Sylvester matrix

Last updated December 30, 2024

In mathematics, a Sylvester matrix is a matrix associated to two univariate polynomials with coefficients in a field or a commutative ring. The entries of the Sylvester matrix of two polynomials are coefficients of the polynomials. The determinant of the Sylvester matrix of two polynomials is their resultant, which is zero when the two polynomials have a common root (in case of coefficients in a field) or a non-constant common divisor (in case of coefficients in an integral domain).

Definition

Formally, let p and q be two nonzero polynomials, respectively of degree m and n. Thus:

p(z)=p_{0}+p_{1}z+p_{2}z^{2}+\cdots +p_{m}z^{m},\;q(z)=q_{0}+q_{1}z+q_{2}z^{2}+\cdots +q_{n}z^{n}.

The Sylvester matrix associated to p and q is then the $(n+m)\times (n+m)$ matrix constructed as follows:

if n > 0, the first row is:

{\begin{pmatrix}p_{m}&p_{m-1}&\cdots &p_{1}&p_{0}&0&\cdots &0\end{pmatrix}}.

the second row is the first row, shifted one column to the right; the first element of the row is zero.
the following n − 2 rows are obtained the same way, shifting the coefficients one column to the right each time and setting the other entries in the row to be 0.
if m > 0 the (n + 1)th row is:

{\begin{pmatrix}q_{n}&q_{n-1}&\cdots &q_{1}&q_{0}&0&\cdots &0\end{pmatrix}}.

the following rows are obtained the same way as before.

Thus, if m = 4 and n = 3, the matrix is:

S_{p,q}={\begin{pmatrix}p_{4}&p_{3}&p_{2}&p_{1}&p_{0}&0&0\\0&p_{4}&p_{3}&p_{2}&p_{1}&p_{0}&0\\0&0&p_{4}&p_{3}&p_{2}&p_{1}&p_{0}\\q_{3}&q_{2}&q_{1}&q_{0}&0&0&0\\0&q_{3}&q_{2}&q_{1}&q_{0}&0&0\\0&0&q_{3}&q_{2}&q_{1}&q_{0}&0\\0&0&0&q_{3}&q_{2}&q_{1}&q_{0}\end{pmatrix}}.

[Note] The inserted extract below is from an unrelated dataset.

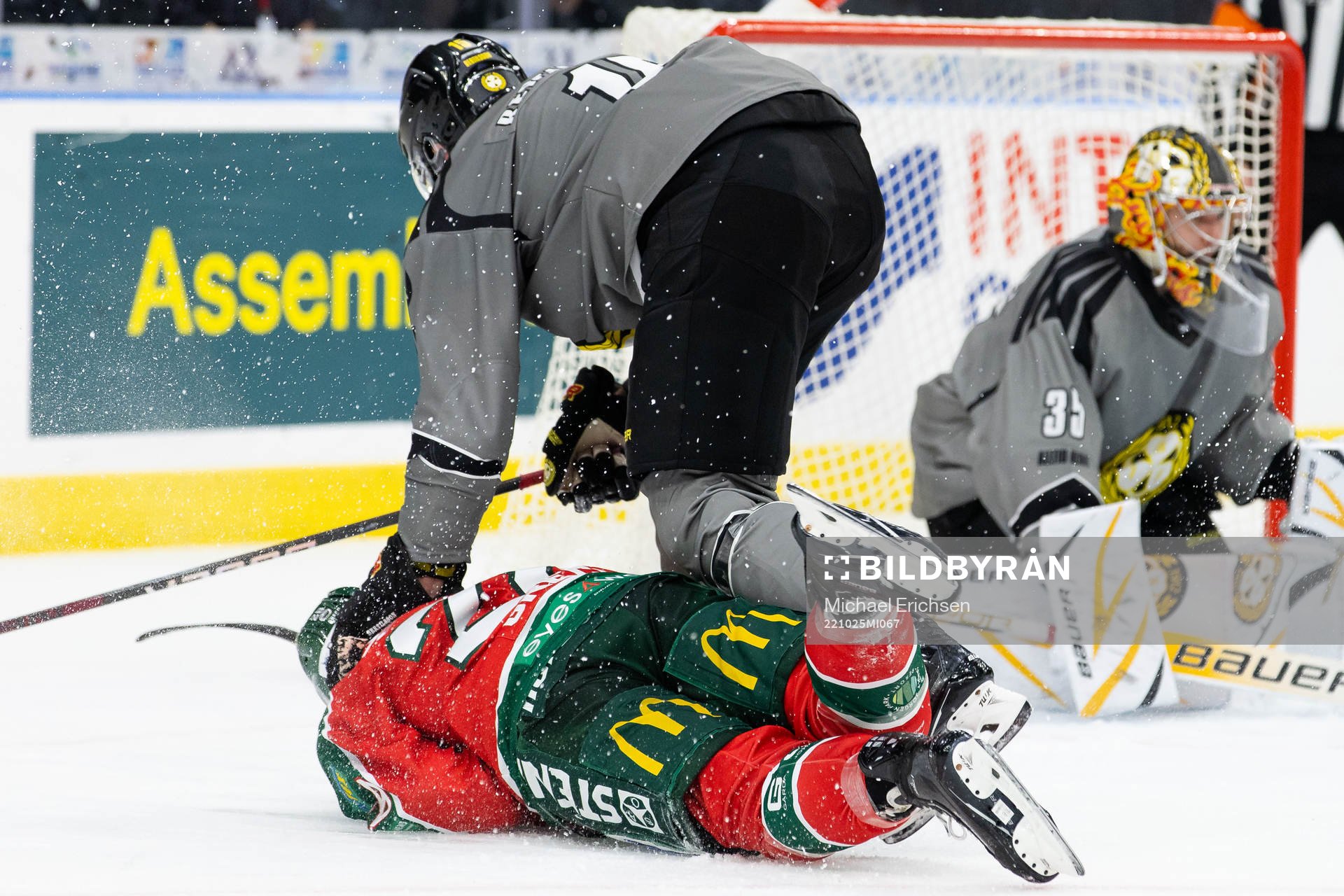 Brynäs Simon Bertilsson och Frölundas Anthony Greco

If one of the degrees is zero (that is, the corresponding polynomial is a nonzero constant polynomial), then there are zero rows consisting of coefficients of the other polynomial, and the Sylvester matrix is a diagonal matrix of dimension the degree of the non-constant polynomial, with the all diagonal coefficients equal to the constant polynomial. If m = n = 0, then the Sylvester matrix is the empty matrix with zero rows and zero columns.

A variant

The above defined Sylvester matrix appears in a Sylvester paper of 1840. In a paper of 1853, Sylvester introduced the following matrix, which is, up to a permutation of the rows, the Sylvester matrix of p and q, which are both considered as having degree max(m, n).^[1] This is thus a $2\max(n,m)\times 2\max(n,m)$ -matrix containing $\max(n,m)$ pairs of rows. Assuming $m>n,$ it is obtained as follows:

the first pair is:

{\begin{pmatrix}p_{m}&p_{m-1}&\cdots &p_{n}&\cdots &p_{1}&p_{0}&0&\cdots &0\\0&\cdots &0&q_{n}&\cdots &q_{1}&q_{0}&0&\cdots &0\end{pmatrix}}.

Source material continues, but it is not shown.